A Watershed Moment for Michigan’s Section 404 Program
Industry groups, activists, and environmental regulators are at odds over a Michigan wetlands permitting law that arguably reduces the reach of regulators in the State. Michigan’s governor, Rick Snyder, who signed Public Act 98 on July 2, 2013, says the law will clarify permitting requirements and processes for Michigan citizens and businesses that interact with wetlands. He also praised the legislation for protecting Michigan’s authority over its water resources. Environmentalists contend that the law is inconsistent with federal regulations and would weaken protection for wetlands. EPA is accepting comments from the public through December 18, 2013, before deciding whether to approve the changes to the State’s wetlands program.
Michigan is one of only two states (New Jersey is the other) with authority to administer dredge-and-fill permits under Section 404 of the Clean Water Act (CWA). That authority depends on the State maintaining a wetlands program at least as protective as federal standards. In 2008, EPA audited Michigan’s permit program and found areas of conflict and inconsistency with the CWA and its implementing regulations. The Michigan Department of Environmental Quality (MDEQ) created a Wetlands Advisory Council to review the program, recommend changes, and lay the groundwork for a new dredge-and-fill permit regime.

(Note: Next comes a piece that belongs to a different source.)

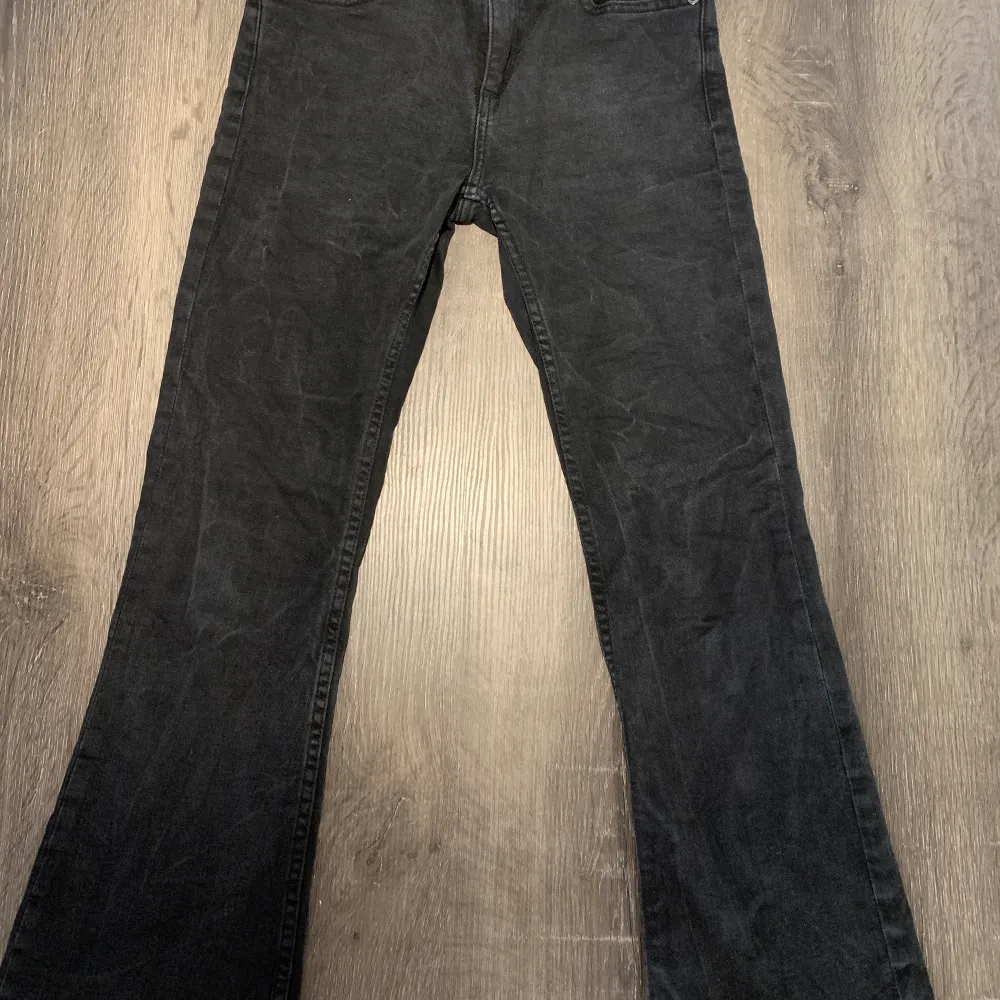 Ett par svarta jeans från Mango. De är definitivt använda men inget fel på dom alls. De är lite ruffligt i kanterna vid magen och vid slutet av jeansen. Raka i modellen och var mina favoriter innan jag blev gravid och fick barn. . Jeans & Byxor.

The law revises existing state regulations in several respects. One amendment limits MDEQ’s jurisdiction to “navigable waters” and “waters of the United States.” Another clarifies the scope of agricultural and drainage activities that require a 404 permit, while also expanding exemptions for several ongoing agricultural operations. Perhaps the most significant change would raise the evidentiary requirements for showing that marginal (i.e., non-jurisdictional) waters are subject to CWA requirements. Under the current rule, any water located within 500 feet of an inland lake, stream, or pond and within 1,000 feet of a great lake is jurisdictional. Rather than looking at geographical proximity, Michigan’s new law demands proof of a hydrological connection between marginal and navigable waters.
Several industry groups support Michigan’s continued authority to issue 404 permits, arguing that the law will carve out more 404 permit exceptions and streamline regulatory processes. They also worry that the waiting time for obtaining a 404 permit will increase if EPA revokes Michigan’s authority and administers the program itself. Conversely, some environmentalists and federal regulators say that the new law imposes substantially lower standards than those enforced by the federal government, and its approval will foster other states to adopt similar standards. With Ohio, Oregon, Virginia, and Alaska all actively seeking to administer their own 404 permit programs, what happens to Michigan may have national implications.
EPA has not announced when it will issue its decision, but federal regulations require its approval before significant revisions to state 404 programs can take effect. The Agency held a public hearing in Lansing, Michigan, on December 11, 2013, to receive comments on the revised program, but, as of the date of this post, information about the public hearing was unavailable.